### WHAT YOU NEED TO DO:
Set the pictures aside and return each record below precisely as written.

------ DATA LISTING

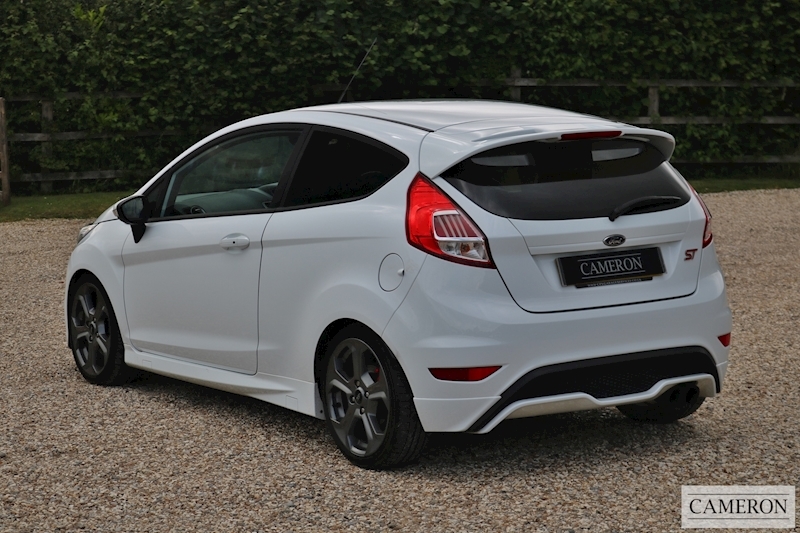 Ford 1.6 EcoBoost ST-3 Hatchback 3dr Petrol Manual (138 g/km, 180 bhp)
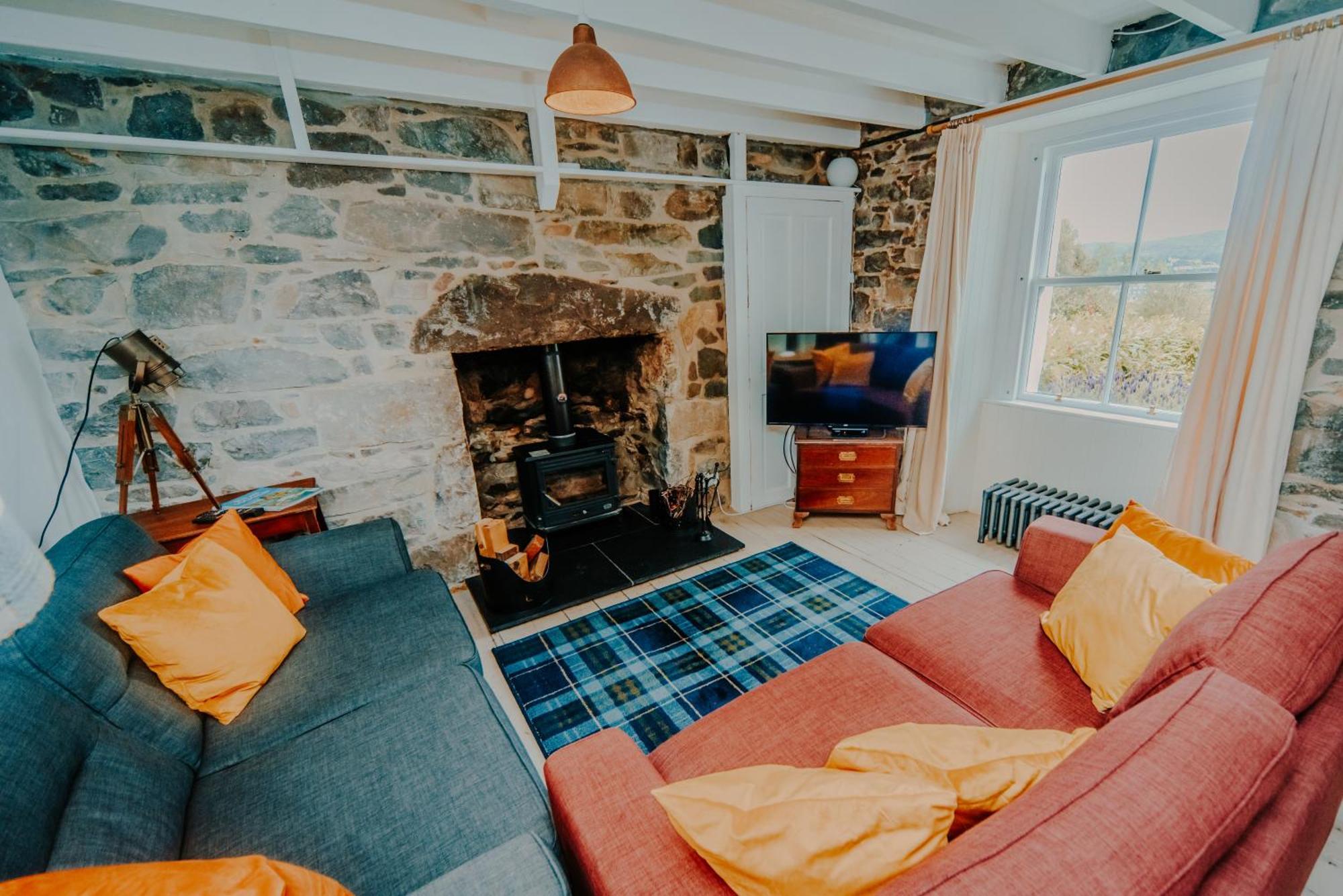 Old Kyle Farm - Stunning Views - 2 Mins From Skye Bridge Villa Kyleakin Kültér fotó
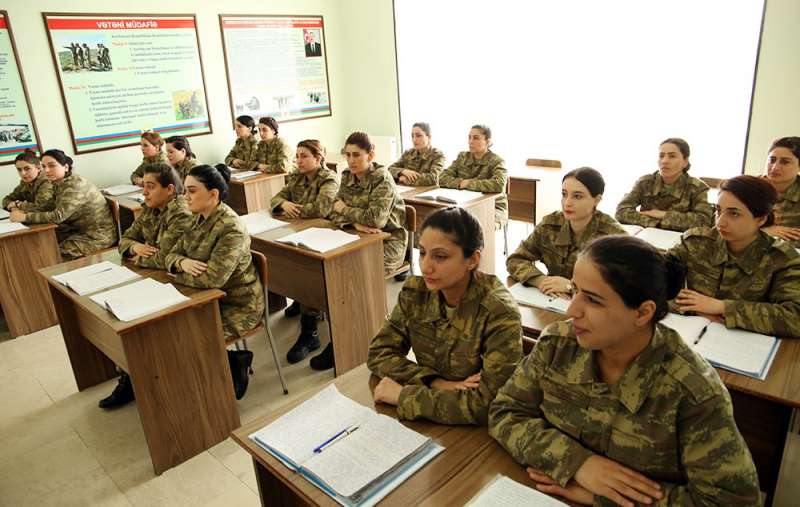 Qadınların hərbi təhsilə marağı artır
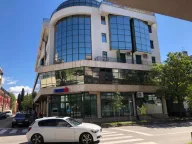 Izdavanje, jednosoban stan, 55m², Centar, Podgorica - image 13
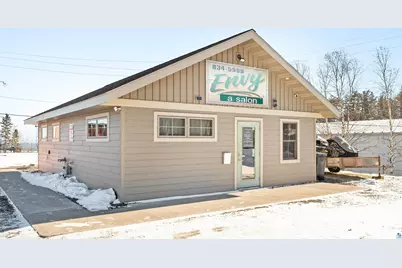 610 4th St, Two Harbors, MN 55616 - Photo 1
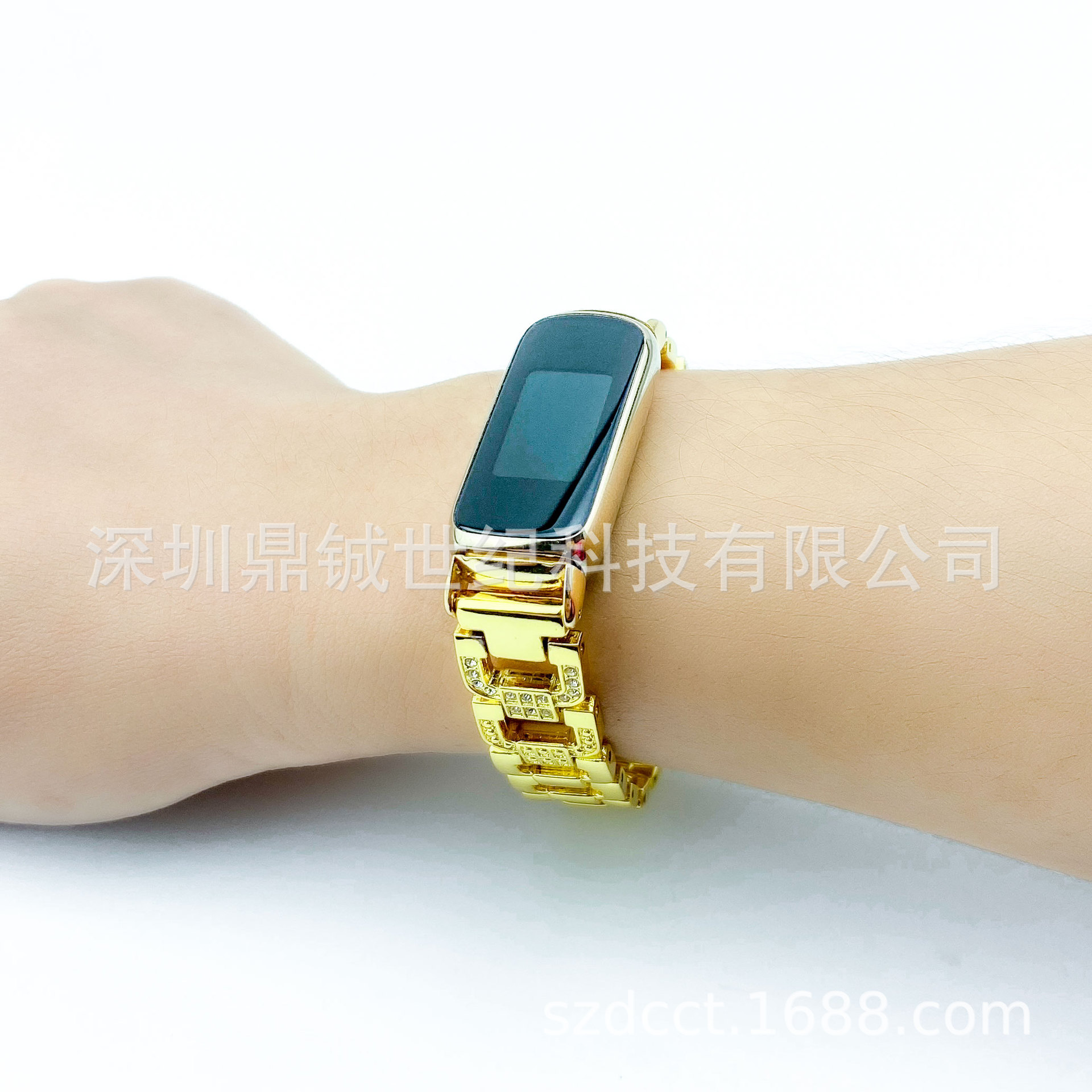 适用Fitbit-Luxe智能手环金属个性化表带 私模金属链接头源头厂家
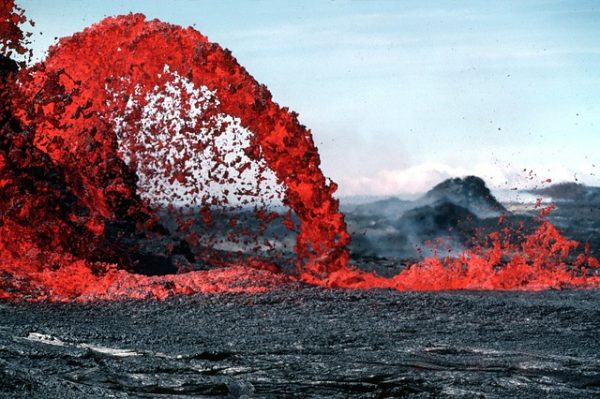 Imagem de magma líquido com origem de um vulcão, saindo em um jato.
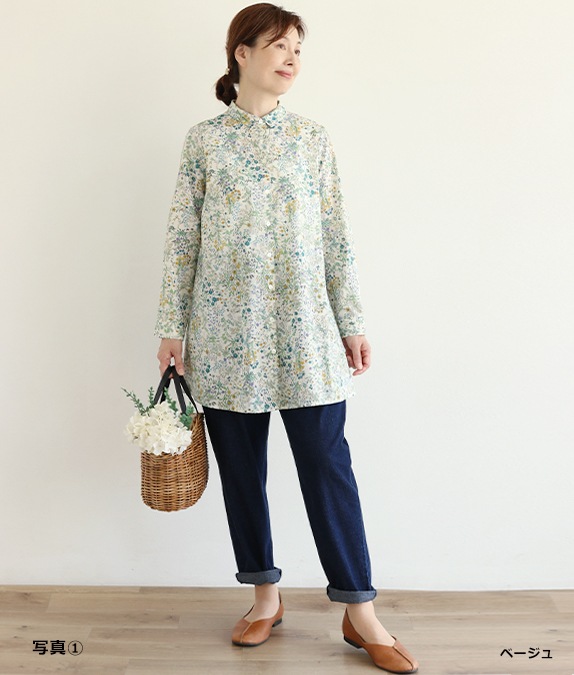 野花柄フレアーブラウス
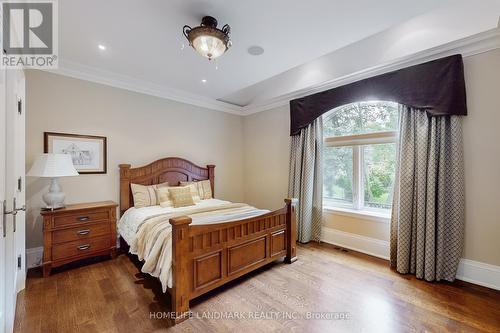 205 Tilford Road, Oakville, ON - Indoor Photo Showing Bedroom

------------

### TASK OUTPUT:
 Ford 1.6 EcoBoost ST-3 Hatchback 3dr Petrol Manual (138 g/km, 180 bhp)
 Old Kyle Farm - Stunning Views - 2 Mins From Skye Bridge Villa Kyleakin Kültér fotó
 Qadınların hərbi təhsilə marağı artır
 Izdavanje, jednosoban stan, 55m², Centar, Podgorica - image 13
 610 4th St, Two Harbors, MN 55616 - Photo 1
 适用Fitbit-Luxe智能手环金属个性化表带 私模金属链接头源头厂家
 Imagem de magma líquido com origem de um vulcão, saindo em um jato.
 野花柄フレアーブラウス
 205 Tilford Road, Oakville, ON - Indoor Photo Showing Bedroom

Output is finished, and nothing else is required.